» TASK DIRECTIONS
Pictures aside, can you reproduce the records word for word?

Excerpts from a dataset
- Opening Delimiter -

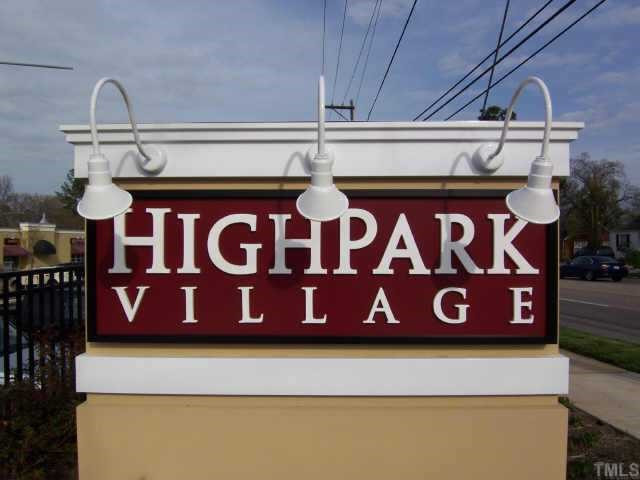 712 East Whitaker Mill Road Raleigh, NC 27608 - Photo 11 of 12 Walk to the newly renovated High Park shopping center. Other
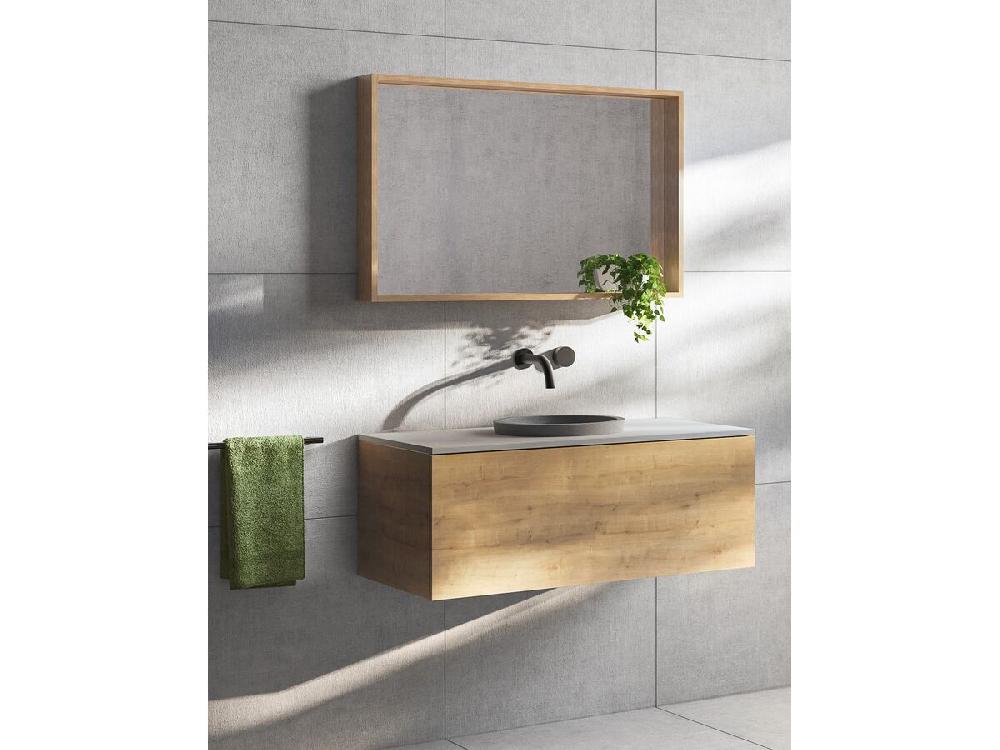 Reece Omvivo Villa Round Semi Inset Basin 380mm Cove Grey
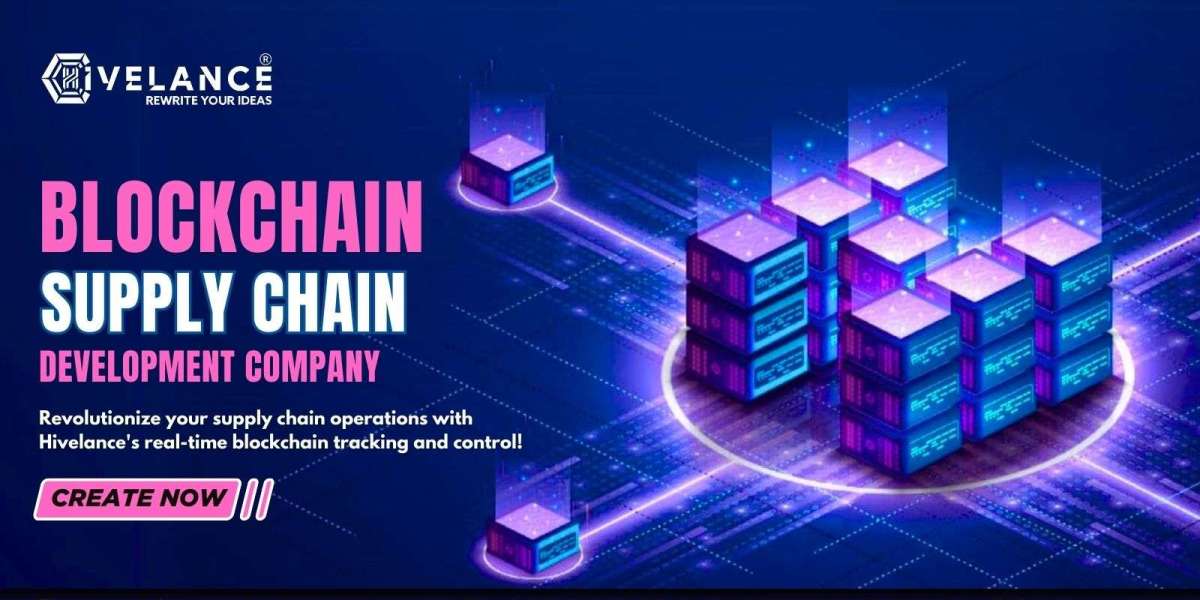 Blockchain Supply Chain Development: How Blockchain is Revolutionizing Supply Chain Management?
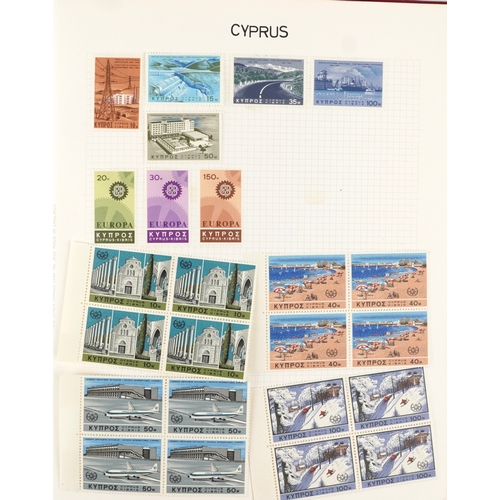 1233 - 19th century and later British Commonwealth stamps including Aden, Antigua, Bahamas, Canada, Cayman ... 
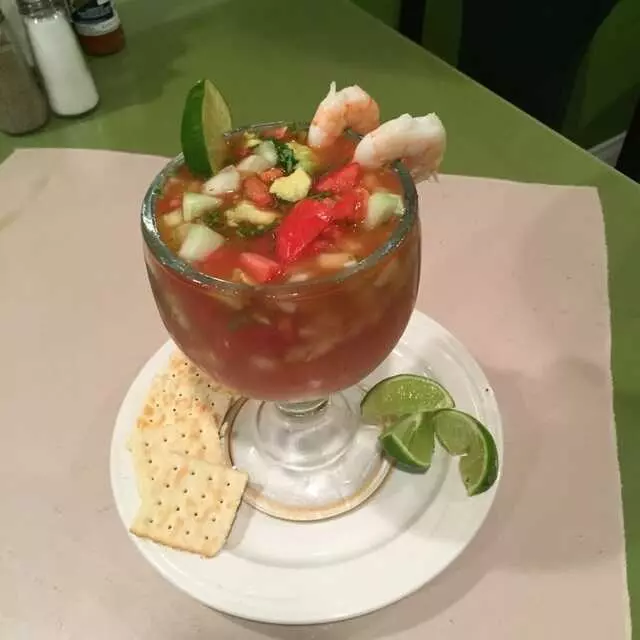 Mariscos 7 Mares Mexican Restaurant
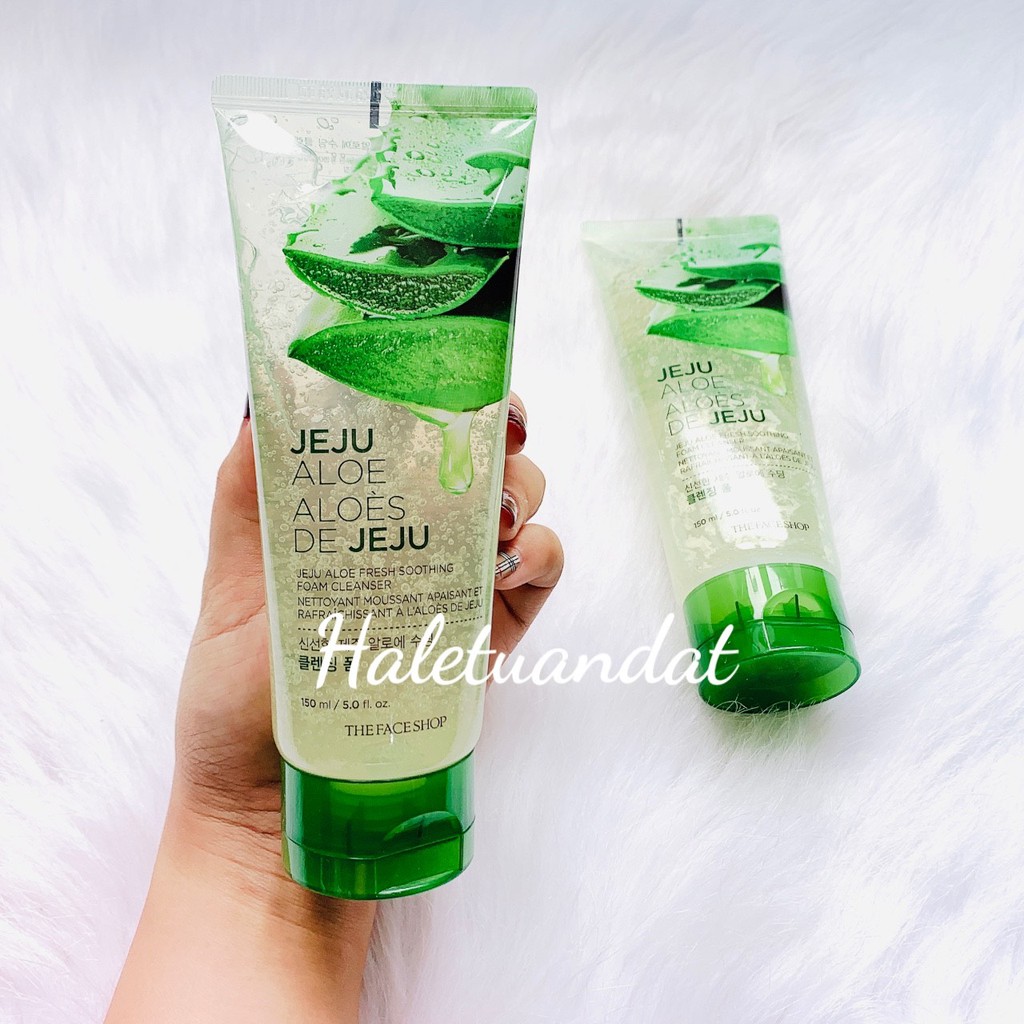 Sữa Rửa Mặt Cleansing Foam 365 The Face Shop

- Closing Delimiter -

» RESPONSE TO THIS EXERCISE
 712 East Whitaker Mill Road Raleigh, NC 27608 - Photo 11 of 12 Walk to the newly renovated High Park shopping center. Other
 Reece Omvivo Villa Round Semi Inset Basin 380mm Cove Grey
 Blockchain Supply Chain Development: How Blockchain is Revolutionizing Supply Chain Management?
 1233 - 19th century and later British Commonwealth stamps including Aden, Antigua, Bahamas, Canada, Cayman ... 
 Mariscos 7 Mares Mexican Restaurant
 Sữa Rửa Mặt Cleansing Foam 365 The Face Shop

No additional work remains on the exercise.